Public Trustee Act 1906
- Parliament of the United Kingdom
- Long title: An Act to provide for the appointment of a Public Trustee and to amend the Law relating to the administration of Trusts.
- Citation: 6 Edw. 7. c. 55
- Territorial extent: England and Wales

Dates
- Royal assent: 21 December 1906
- Commencement: 1 January 1908

Other legislation
- Amended by: Statute Law Revision Act 1927; Criminal Justice Act 1948; Statute Law Revision Act 1964;

Status: Amended

Text of statute as originally enacted

Revised text of statute as amended

= Public Trustee Act 1906 =

Act of the Parliament of the United Kingdom

The Public Trustee Act 1906 (6 Edw. 7. c. 55) is an act of the Parliament of the United Kingdom, which provides for the appointment of a public trustee, and which amended the law relating to the administration of trusts. This act has been described as "important".

== Passage ==
The bill for this act was the Public Trustee Bill.

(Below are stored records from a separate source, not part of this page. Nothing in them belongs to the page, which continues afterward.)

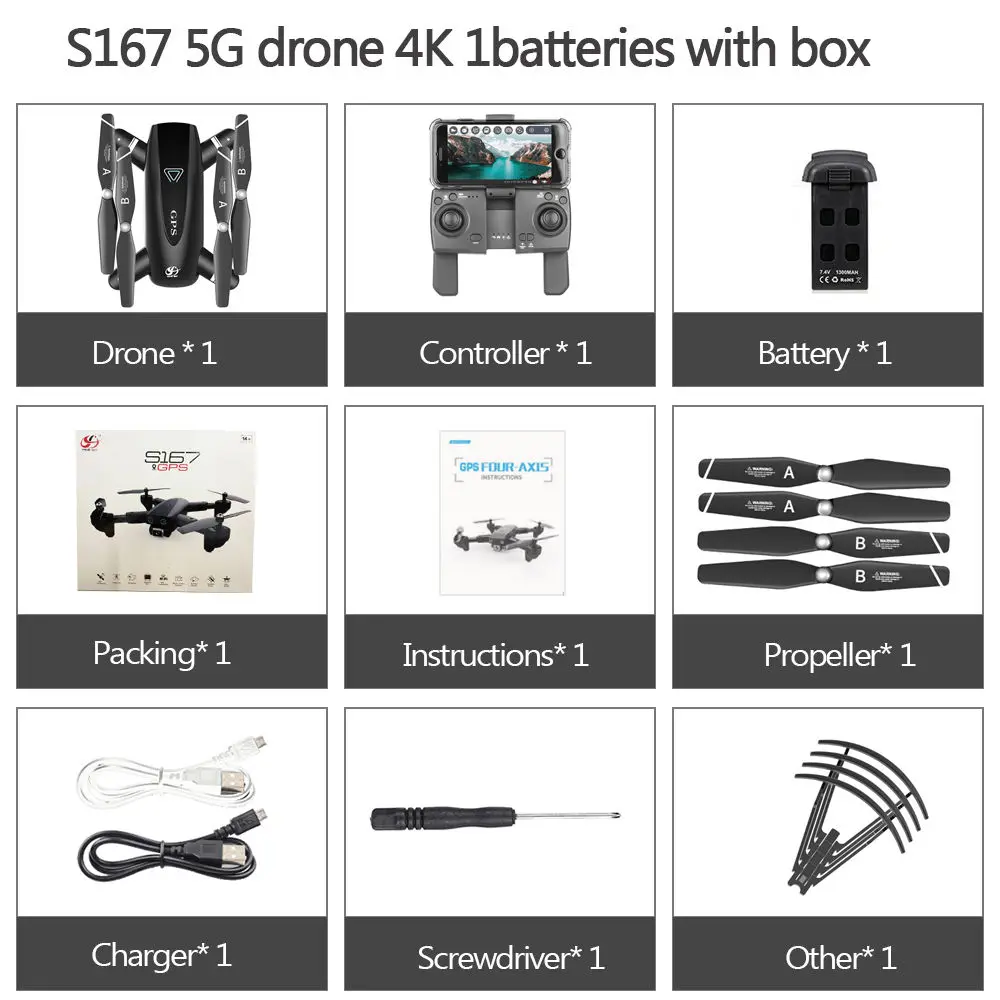 CSJ 5G Wi-Fi FPV gps Дрон с камерой 4K HD Way-point летающие жесты Фото Видео авто возврат домой S167 RC Квадрокоптер RC игрушки - Цвет: 5G 4K 1B With Box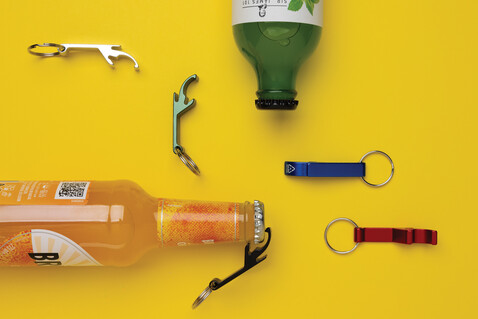 Flaschen- und Dosenöffner aus RCS recyceltem Aluminium grün bedrucken, Art.-Nr. P191.7207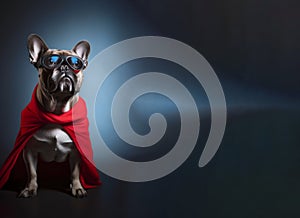 cute french bulldog in a super hero costume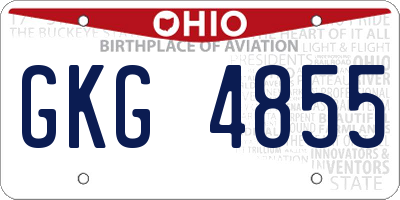 OH license plate GKG4855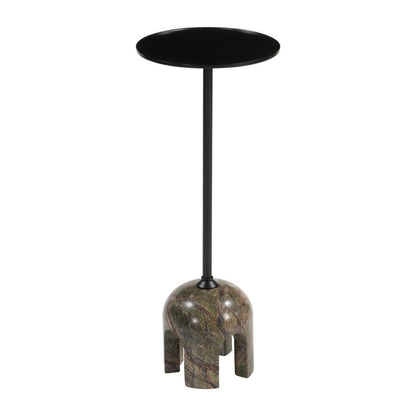 22" Black Brown and Stone Marble Free Form Pedestal End Table HomeRoots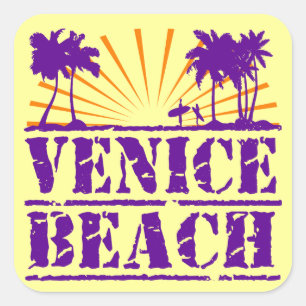 Venedig-Strand Quadratischer Aufkleber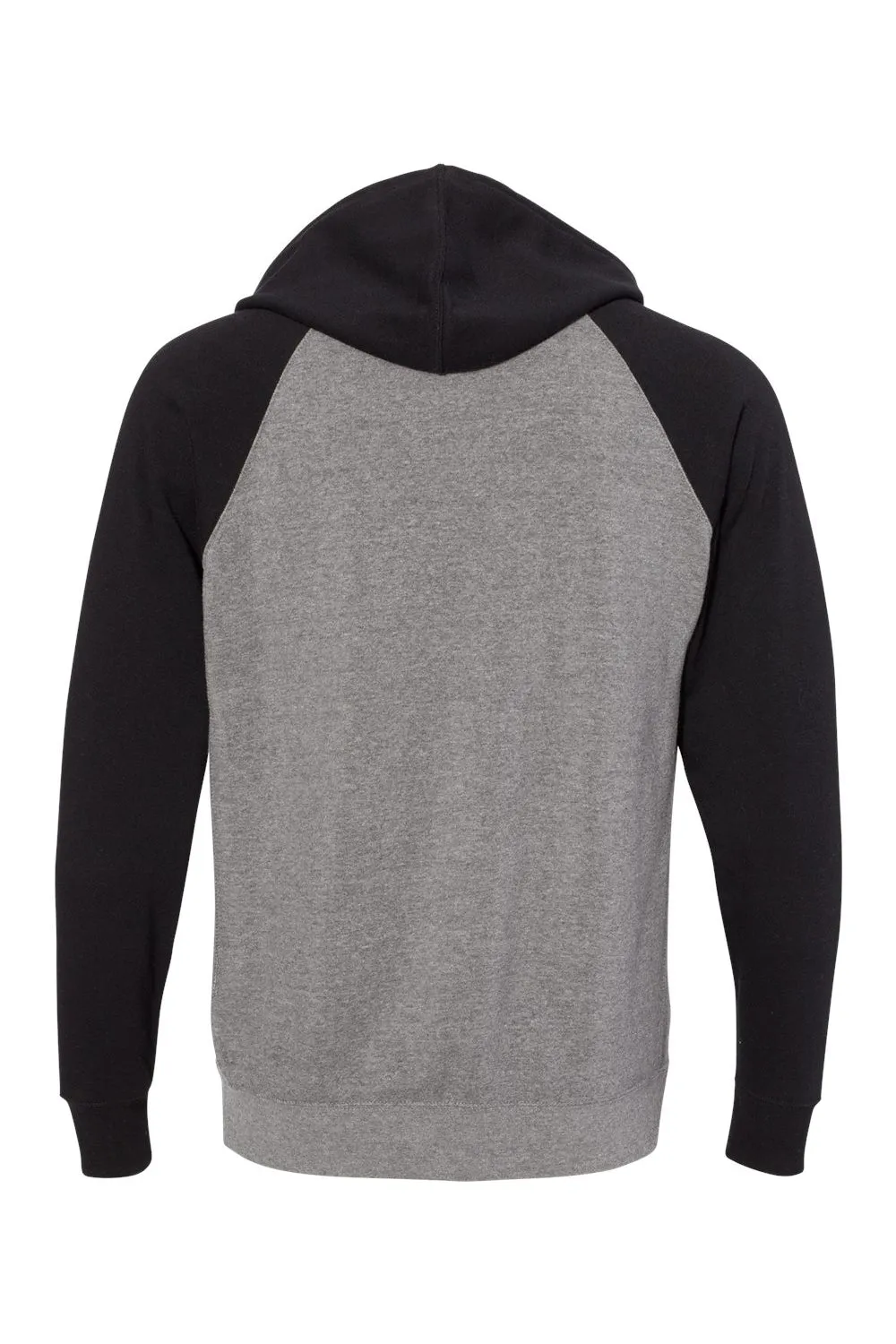 Independent Trading Company Herren Special Blend Raglan Kapuzenpullover Hoodie mit Beuteltasche - Heather Nickel Grau/Schwarz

==Subordinate legislation==
The Public Trustee Rules 1907 (SR&O 1907/938), Public Trustee Rules 1912 (SR&O 1912/348), the Public Trustee Rules 1916 (SR&O 1916/489), the Public Trustee (Amendment) Rules 1983 (SI 1983/1050) and the Public Trustee (Amendment) Rules 1987 (SI 1987/2249) were made under this act, as were a number of Public Trustee (Custodian Trustee) Rules and Public Trustee (Fees) Orders.

==Section 2==
Section 2(1)(e) was repealed by section 83(3) of, and part I of the tenth schedule to, the Criminal Justice Act 1948.

==Section 7==
This section was repealed by section 1(1) of the Public Trustee (Liability and Fees) Act 2002.

==Section 8==
Sections 8(1) to (1C) were substituted for the original section 8(1) by section 1(3) of, and paragraph 1 of the schedule to, the Public Trustee and Administration of Funds Act 1986.

==Section 9==
Section 9(4) was repealed by section 2(1)(c) of the Public Trustee (Liability and Fees) Act 2002.

==Section 16==
This section was repealed by section 1 of, and part I of the schedule to, the Statute Law Revision Act 1927.